• [Aim of the exercise] Find the line with "Floral inspired nude" and the line with "nursery bedroom with" in the entries below; output exactly those two lines, every line between them, and no others.

• [Records shown]

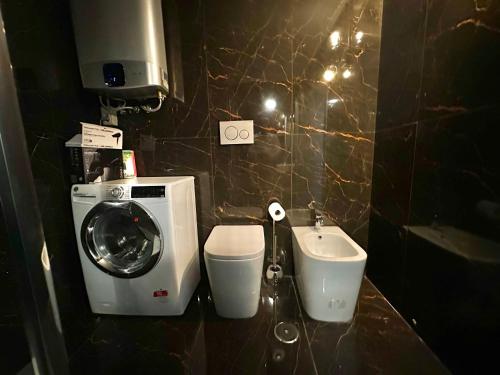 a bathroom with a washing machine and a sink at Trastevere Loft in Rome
---
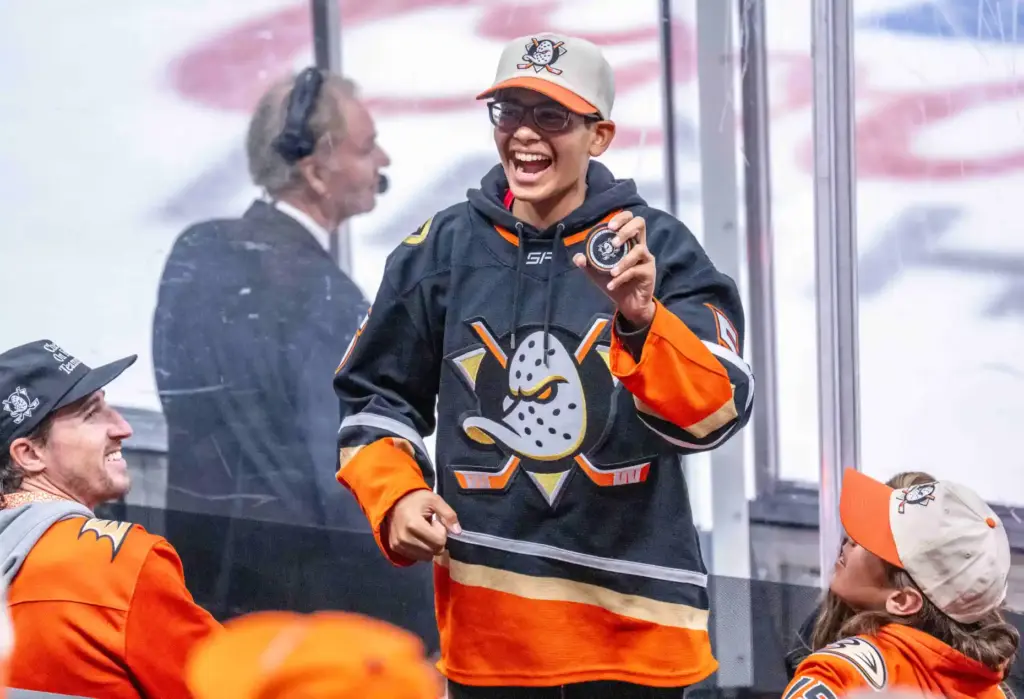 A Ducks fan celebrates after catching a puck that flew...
...
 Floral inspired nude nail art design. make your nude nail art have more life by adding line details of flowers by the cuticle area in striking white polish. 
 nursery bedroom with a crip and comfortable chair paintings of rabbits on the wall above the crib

• [Response to this exercise]
 Floral inspired nude nail art design. make your nude nail art have more life by adding line details of flowers by the cuticle area in striking white polish. 
 nursery bedroom with a crip and comfortable chair paintings of rabbits on the wall above the crib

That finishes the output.